Imagine the transformation that these two disciples experienced from Jesus during the next three years as they witnessed His public life, His passion, death and resurrection. John was transformed from a "son of thunder" into "the Beloved Disciple."
However, you may say, "That was then, and this is now!" My response is very simple. God has not changed. God will never cease to speak to your heart, calling you into a relationship of intimacy with Him.
You may say to yourself, "God knows what a sinner I am. I could never live up to His expectations. I would disappoint Him." What else is new? All 11 disciples abandoned Jesus in the Garden of Gethsemane, and Peter even denied Jesus three times! Since Jesus never gave up calling them, He won out. All returned the favor by giving their lives to Christ. Ten received the crown of martyrdom, and the 11th received His own mother into his home.
Our sins may distract us from hearing God calling us. Our sins may dim God's voice in our lives, but our sins will never discourage our God from calling.
You may say, "Well, God has never spoken to me," and I will respond, "So why are you here today if He did not call you?" You are listening to this today because God is speaking to you. He is speaking to you through Samuel, through John the Baptist, through the two disciples, and He is speaking to you especially through Jesus, who is telling you right now, "Come and see!"

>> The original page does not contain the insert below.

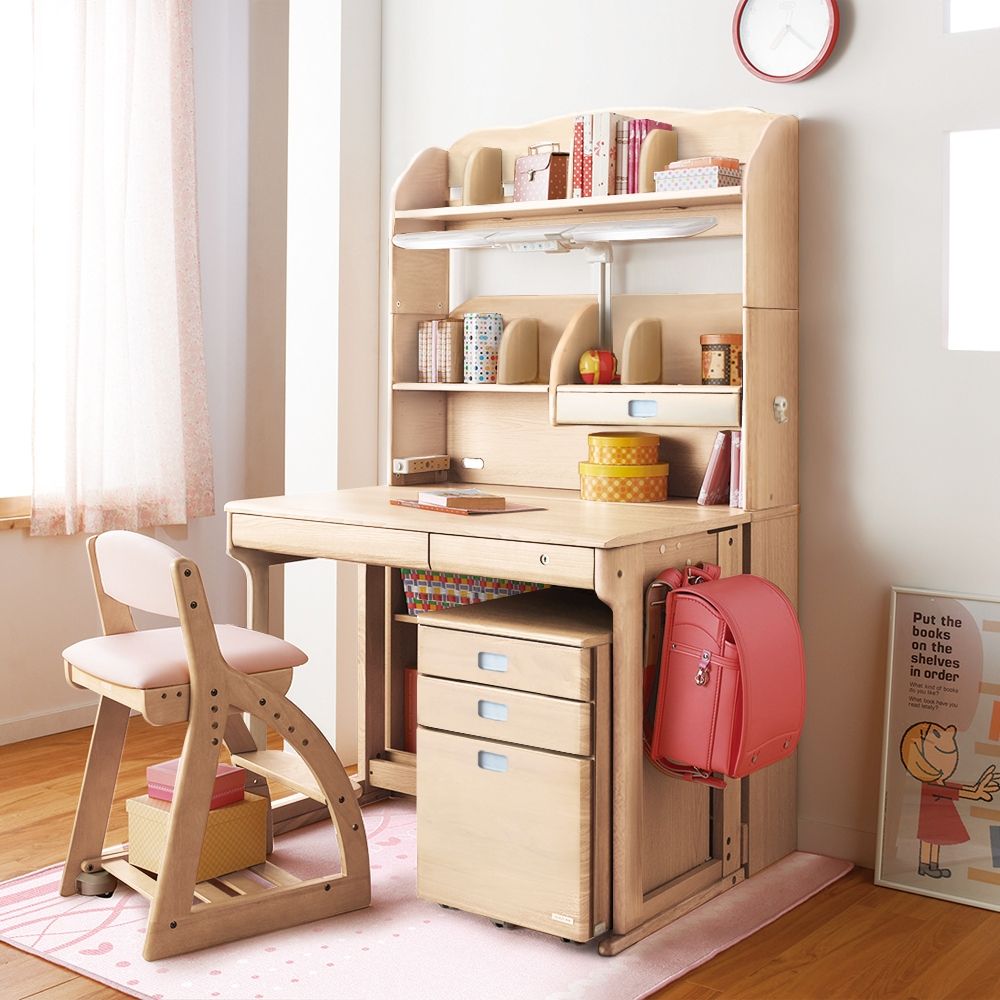 【KOIZUMI】Woody兒童成長實木書桌組ODM-822 W95*D76*H163 cm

Yes, love of sin can dim the call, but it will never discourage the Caller, who is the one who created you in His own image and likeness and has placed within you a hunger for the infinite. You have built into your very makeup the stamp of the infinite God and a hunger to realize Him as the one calling you to infinite happiness!

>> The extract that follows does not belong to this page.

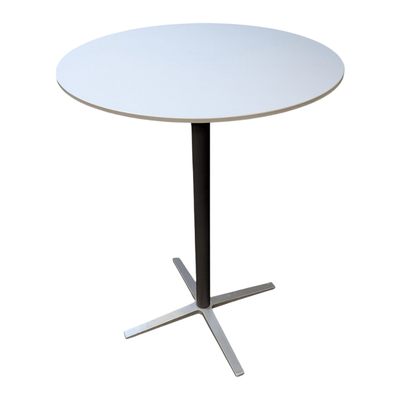 Sunline 30in Round Bar height Table, white top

St. Augustine tells us so much about His calling when he says, "On entering into myself I saw, as it were with the eye of the soul, what was beyond the eye of the soul, beyond my spirit: your immutable light ... . This light was above me because it had made me; I was below it because I was created by it. He who has come to know the truth knows this light."
He goes on to say, "But I did not find it until I embraced the mediator between God and men, the man Christ Jesus, who is above all, God blessed forever. He was calling me and saying: I am the way of truth, I am the life."

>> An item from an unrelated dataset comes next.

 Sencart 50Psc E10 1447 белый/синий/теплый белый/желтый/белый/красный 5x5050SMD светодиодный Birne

Later Augustine says, "Late have I loved You. O Beauty ever ancient, ever new, late have I loved You! ... You were with me, but I was not with You. ... You called, You shouted and You broke through my deafness. You flashed, You shone and You dispelled my blindness. You breathed your fragrance on me; I drew in breath, and now I pant for You. I have tasted You, now I hunger and thirst for more. You touched me, and I burned for your peace."
No matter how holy you may think you are, or how sinful you think you are, you haven't seen anything yet! He is calling you and me to a much deeper intimacy than we have ever experienced in our life and He wants us to experience this intimacy in this life and in the life to come!
Your greatest calling is not to be a neurosurgeon, a postal worker, a father or a mother, a religious or a priest. His greatest calling is to a life of intimacy with Himself both today and forever!
Don't let your sins distract you or delay your response. His desire for intimacy with you is infinitely bigger than your sins!
Listen to His quiet, intimate voice. He is calling you from morning till night. He is even calling you in your sleep! Say over and over again with Samuel, "Speak, Lord, for your servant is listening."